===== Records supplied =====

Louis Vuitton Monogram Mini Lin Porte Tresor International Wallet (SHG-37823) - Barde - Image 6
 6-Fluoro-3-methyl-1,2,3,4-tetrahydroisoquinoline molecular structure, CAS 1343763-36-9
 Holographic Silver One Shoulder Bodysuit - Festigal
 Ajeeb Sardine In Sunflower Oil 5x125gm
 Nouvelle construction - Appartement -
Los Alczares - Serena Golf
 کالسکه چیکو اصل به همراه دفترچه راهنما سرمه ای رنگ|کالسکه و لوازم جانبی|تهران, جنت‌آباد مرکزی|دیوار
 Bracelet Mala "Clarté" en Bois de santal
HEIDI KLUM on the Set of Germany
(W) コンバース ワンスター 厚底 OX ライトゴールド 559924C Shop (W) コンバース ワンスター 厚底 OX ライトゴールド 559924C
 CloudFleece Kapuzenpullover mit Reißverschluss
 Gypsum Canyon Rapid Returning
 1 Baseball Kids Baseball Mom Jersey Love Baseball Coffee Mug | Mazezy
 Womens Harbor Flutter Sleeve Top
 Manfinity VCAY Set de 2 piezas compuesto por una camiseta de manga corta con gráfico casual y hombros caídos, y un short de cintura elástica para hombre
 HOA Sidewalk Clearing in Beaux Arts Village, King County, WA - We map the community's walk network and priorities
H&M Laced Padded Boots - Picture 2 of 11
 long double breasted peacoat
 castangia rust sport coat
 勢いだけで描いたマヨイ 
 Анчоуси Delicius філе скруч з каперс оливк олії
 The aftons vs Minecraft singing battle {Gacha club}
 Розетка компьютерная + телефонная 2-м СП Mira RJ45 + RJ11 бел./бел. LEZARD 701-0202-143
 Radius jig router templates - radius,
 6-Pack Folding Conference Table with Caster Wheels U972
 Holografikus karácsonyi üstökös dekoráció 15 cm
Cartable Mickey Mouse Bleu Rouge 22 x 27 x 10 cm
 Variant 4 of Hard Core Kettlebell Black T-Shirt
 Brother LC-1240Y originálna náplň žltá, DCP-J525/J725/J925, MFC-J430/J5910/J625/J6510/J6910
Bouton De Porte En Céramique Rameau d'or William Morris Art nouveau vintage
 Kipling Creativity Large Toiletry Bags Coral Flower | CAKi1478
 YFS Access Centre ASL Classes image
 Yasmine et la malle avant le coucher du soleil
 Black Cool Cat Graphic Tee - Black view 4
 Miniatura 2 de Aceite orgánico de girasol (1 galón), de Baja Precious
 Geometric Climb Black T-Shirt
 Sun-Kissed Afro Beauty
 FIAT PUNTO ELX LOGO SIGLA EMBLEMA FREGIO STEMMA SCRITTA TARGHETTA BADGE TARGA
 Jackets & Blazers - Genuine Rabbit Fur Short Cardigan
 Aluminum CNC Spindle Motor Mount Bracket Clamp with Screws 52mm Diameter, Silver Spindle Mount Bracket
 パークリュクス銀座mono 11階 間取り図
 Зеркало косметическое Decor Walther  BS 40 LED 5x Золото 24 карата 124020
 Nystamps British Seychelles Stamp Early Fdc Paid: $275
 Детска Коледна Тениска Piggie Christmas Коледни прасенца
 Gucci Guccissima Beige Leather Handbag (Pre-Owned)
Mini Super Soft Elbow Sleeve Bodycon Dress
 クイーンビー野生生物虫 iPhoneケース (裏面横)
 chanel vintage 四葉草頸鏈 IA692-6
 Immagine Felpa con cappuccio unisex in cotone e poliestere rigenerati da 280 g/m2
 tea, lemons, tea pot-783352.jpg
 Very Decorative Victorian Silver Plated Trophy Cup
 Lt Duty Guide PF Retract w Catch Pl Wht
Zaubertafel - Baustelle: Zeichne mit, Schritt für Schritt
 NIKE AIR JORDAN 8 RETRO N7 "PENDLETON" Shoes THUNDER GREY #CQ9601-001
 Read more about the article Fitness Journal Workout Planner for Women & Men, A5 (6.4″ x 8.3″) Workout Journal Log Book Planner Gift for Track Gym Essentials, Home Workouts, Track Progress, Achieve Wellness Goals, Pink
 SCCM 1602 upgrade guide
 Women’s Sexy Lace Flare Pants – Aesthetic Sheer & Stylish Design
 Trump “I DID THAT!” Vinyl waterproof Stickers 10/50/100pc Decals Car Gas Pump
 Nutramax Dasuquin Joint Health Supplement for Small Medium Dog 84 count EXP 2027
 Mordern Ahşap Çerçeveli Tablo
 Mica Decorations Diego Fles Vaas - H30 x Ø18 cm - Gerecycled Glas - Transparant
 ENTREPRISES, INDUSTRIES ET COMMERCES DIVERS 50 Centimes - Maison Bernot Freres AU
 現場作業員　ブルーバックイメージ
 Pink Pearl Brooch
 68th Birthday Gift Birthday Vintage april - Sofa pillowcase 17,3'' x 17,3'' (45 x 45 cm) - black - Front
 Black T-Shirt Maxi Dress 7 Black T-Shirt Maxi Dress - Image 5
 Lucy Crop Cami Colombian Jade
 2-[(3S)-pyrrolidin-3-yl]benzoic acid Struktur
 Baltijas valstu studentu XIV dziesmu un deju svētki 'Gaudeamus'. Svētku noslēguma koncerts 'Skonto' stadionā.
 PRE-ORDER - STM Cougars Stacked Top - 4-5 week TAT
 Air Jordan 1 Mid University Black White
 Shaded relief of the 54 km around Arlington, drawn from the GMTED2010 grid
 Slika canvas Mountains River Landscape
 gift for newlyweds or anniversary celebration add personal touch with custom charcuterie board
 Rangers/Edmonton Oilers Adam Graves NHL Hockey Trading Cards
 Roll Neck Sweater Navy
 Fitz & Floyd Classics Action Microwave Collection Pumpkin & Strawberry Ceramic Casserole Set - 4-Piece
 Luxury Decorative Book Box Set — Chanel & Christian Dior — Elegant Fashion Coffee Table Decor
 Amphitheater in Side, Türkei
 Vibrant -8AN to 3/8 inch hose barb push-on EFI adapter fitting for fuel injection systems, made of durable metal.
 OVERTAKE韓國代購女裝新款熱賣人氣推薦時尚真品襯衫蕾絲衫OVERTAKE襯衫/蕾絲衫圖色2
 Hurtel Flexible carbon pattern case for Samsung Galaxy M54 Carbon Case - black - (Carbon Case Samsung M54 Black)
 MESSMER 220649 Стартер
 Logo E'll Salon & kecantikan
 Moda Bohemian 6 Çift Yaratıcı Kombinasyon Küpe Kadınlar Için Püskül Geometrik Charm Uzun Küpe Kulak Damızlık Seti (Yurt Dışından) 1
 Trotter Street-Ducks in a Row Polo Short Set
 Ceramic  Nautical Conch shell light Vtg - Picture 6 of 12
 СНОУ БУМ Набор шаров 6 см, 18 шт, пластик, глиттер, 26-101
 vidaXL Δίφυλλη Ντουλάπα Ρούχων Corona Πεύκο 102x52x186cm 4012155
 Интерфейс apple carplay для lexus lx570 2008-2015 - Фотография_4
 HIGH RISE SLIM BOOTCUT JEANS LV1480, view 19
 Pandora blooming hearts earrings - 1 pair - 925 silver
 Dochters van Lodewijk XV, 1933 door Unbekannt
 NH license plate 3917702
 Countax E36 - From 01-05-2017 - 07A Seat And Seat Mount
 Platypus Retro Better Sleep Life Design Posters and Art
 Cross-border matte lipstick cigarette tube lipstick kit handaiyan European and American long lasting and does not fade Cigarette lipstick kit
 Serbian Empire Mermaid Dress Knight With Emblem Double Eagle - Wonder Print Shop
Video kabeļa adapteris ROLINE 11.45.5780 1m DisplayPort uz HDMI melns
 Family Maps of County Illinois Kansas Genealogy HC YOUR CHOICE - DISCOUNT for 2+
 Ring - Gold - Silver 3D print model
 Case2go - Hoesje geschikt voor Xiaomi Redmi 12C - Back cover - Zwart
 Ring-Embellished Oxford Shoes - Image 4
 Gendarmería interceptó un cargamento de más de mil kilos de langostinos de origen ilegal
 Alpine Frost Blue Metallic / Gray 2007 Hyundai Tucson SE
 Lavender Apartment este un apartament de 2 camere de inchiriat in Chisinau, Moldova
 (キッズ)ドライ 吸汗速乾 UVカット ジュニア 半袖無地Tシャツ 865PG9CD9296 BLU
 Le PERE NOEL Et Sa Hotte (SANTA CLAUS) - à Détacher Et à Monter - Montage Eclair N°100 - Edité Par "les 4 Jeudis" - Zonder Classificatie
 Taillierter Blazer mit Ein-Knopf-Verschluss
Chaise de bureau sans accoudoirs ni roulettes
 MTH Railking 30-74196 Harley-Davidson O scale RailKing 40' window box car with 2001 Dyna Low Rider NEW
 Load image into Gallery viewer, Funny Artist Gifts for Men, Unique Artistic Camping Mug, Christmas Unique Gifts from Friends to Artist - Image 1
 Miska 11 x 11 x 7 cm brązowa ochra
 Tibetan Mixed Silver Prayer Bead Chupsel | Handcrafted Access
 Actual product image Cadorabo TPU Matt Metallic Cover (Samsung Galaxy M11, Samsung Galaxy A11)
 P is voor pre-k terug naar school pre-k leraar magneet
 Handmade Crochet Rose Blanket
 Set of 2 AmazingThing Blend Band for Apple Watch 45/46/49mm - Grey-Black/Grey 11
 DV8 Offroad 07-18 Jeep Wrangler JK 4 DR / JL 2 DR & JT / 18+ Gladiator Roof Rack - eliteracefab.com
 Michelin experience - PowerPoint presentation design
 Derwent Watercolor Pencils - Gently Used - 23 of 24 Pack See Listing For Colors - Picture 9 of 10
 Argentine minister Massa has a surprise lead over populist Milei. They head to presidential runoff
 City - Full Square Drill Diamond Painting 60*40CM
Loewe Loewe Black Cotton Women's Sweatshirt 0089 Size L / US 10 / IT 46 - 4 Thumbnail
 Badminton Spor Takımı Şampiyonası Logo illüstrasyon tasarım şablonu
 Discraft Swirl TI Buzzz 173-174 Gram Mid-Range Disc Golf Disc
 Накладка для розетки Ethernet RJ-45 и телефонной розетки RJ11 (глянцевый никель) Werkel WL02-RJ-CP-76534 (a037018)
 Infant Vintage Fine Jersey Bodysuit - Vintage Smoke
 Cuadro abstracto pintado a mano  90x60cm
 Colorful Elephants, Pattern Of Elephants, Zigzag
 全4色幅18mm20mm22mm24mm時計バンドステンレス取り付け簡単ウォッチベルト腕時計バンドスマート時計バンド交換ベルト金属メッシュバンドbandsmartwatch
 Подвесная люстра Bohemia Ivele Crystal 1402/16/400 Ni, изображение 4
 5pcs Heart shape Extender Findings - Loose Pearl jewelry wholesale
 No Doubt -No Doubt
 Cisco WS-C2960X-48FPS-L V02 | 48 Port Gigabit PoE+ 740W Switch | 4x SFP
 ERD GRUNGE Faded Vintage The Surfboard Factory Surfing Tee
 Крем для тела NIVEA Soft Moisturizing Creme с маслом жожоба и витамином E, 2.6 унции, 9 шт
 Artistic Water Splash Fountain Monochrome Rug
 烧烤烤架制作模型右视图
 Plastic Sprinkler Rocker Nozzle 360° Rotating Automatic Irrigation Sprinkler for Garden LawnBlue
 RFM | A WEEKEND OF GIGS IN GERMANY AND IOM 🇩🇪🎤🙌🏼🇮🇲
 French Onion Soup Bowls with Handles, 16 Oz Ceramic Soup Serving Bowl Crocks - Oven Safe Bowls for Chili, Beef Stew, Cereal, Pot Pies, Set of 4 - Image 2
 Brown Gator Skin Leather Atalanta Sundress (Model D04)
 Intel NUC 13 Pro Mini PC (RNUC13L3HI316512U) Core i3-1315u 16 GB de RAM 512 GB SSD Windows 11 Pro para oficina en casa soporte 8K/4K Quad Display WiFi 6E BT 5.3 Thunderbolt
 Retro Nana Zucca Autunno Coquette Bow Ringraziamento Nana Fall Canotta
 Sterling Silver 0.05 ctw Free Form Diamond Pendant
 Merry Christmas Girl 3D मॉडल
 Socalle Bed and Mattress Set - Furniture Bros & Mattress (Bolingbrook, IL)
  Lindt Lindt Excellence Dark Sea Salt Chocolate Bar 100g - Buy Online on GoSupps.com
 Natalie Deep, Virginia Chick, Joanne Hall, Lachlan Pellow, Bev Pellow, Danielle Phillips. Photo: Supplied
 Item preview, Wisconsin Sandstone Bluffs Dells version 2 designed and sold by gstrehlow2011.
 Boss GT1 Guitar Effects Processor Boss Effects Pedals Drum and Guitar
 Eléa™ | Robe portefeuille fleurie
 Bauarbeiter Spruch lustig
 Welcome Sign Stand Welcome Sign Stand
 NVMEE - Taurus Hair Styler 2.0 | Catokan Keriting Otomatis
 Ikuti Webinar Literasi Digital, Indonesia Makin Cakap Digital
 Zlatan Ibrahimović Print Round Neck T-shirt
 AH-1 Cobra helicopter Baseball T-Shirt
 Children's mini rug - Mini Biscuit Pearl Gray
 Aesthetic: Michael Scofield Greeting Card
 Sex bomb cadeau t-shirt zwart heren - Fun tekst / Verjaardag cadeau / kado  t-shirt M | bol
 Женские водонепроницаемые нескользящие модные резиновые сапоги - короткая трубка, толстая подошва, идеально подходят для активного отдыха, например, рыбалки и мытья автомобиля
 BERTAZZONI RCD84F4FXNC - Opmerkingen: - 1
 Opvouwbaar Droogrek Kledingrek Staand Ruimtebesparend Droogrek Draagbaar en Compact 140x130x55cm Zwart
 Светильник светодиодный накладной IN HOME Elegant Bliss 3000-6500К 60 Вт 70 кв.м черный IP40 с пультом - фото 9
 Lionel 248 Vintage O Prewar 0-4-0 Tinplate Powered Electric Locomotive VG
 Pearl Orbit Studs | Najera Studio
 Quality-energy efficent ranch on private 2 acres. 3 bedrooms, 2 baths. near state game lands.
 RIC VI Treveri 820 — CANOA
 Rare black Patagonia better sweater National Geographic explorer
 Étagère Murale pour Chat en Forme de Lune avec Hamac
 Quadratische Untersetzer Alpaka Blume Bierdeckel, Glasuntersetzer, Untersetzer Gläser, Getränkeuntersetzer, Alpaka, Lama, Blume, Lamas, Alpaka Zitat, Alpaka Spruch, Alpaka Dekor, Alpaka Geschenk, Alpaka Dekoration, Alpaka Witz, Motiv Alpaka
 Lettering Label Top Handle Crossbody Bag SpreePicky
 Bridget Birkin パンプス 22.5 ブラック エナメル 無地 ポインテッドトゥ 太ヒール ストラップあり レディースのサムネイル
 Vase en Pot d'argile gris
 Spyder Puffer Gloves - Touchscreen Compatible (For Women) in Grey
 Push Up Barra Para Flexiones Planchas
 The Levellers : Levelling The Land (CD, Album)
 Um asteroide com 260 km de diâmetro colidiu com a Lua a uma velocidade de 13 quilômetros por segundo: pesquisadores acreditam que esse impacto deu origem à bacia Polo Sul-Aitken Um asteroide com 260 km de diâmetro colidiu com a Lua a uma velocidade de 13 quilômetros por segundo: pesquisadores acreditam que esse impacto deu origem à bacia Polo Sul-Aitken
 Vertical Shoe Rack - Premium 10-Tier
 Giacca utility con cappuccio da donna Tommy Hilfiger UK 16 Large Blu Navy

=====

### Task directions
When the word "Bodysuit" occurs in a line above, list that line.

### Solved exercise
 Holographic Silver One Shoulder Bodysuit - Festigal
 Infant Vintage Fine Jersey Bodysuit - Vintage Smoke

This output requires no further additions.